I'd like to see a formal container security grade that works like:
1) Curate a list of all known (container) exploits
2) Run each exploit in environments of increasing security like permissions-based, jail, Docker and emulator
3) The percentage of prevented exploits would be the score from 0-100%
Under this scheme, I'd expect naive attempts at containerization with permissions and jails to score around 0%, while Docker might be above 50% and Microsandbox could potentially reach 100%.This might satisfy some of our intuition around questions like "why not just use a jail?". Also the containers could run on a site on the open web as honeypots with cash or crypto prizes for pwning them to "prove" which containers achieve 100%.
We might also need to redefine what "secure" means, since exploits like Rowhammer and Spectre may make nearly all conventional and cloud computing insecure. Or maybe it's a moving target, like how 64 bit encryption might have once been considered secure but now we need 128 bit or higher.
Edit: the motivation behind this would be to find a container that's 100% secure without emulation, for performance and cost-savings benefits, as well as gaining insights into how to secure operating systems by containerizing their various services.
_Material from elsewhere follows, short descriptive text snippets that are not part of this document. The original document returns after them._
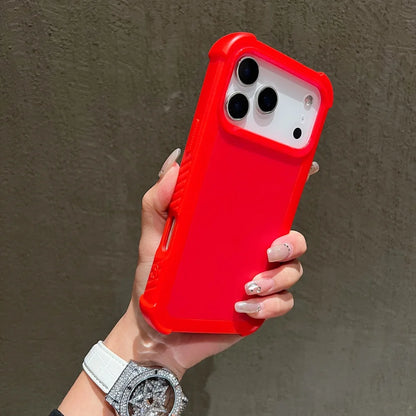 Hard Armor Case For iPhone 17 Air 16 15 14 Plus 13 12 11 Pro Max 16Pro 17Pro 17ProMax Military Shockproof Defender Cool Cover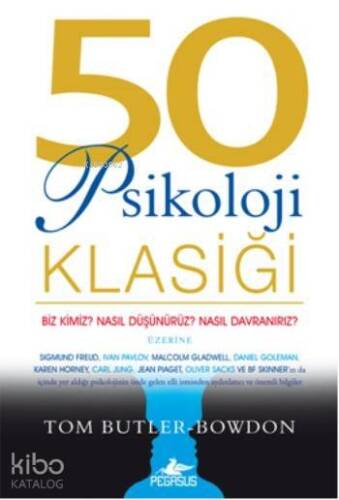 50 Psikoloji Klasiği - 1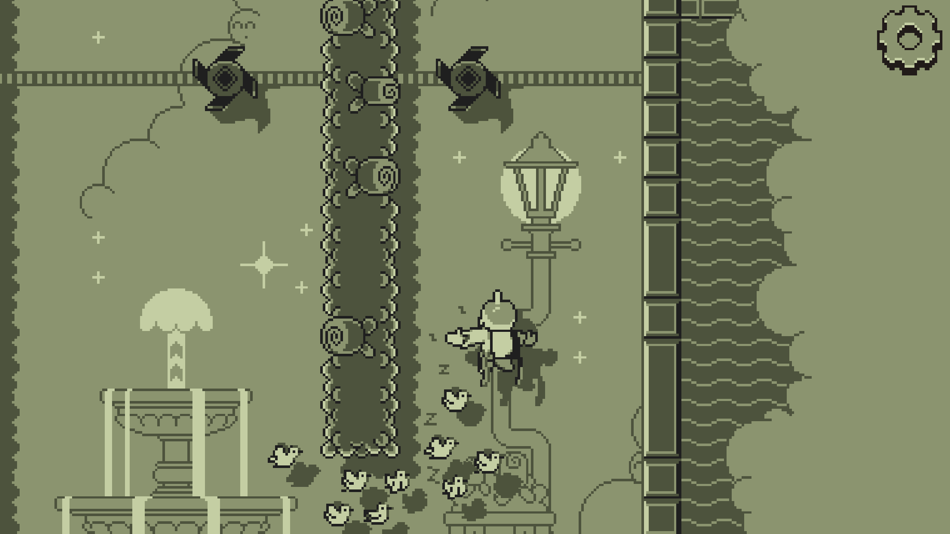 #5. 8bit Doves (iOS) 由: Nitrome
I think it's generally understood that any sort of kernel LPE can potentially (and therefore is generally considered to) lead to breaking all security boundaries on the local machine, since the kernel contains no internal security boundaries. That includes both containers, but also everything else such a user separation, hardware virtualization controlled by the local kernel, and kernel private secrets.
There is no inherent advantage to virtualization, the only thing that matters is the security and robustness of the privileged host.
The only reason there is any advantage in common use is that the Linux Kernel is a security abomination designed for default-shared/allow services that people are now trying to kludge into providing multiplexed services. But even that advantage is minor in comparison to modern, commonplace threat actors who can spend millions to tens of millions of dollars finding security vulnerabilities in core functions and services.
You need privileged manager code that a highly skilled team of 10 with 3 years to pound on it can not find any vulnerabilities in to reach the minimum bar to be secure against prevailing threat actors, let alone near-future threat actors.
The advantage to virtualization is that the syscall interface is being implemented by the guest kernel at a lower privilege level instead of the host kernel at a higher privilege level.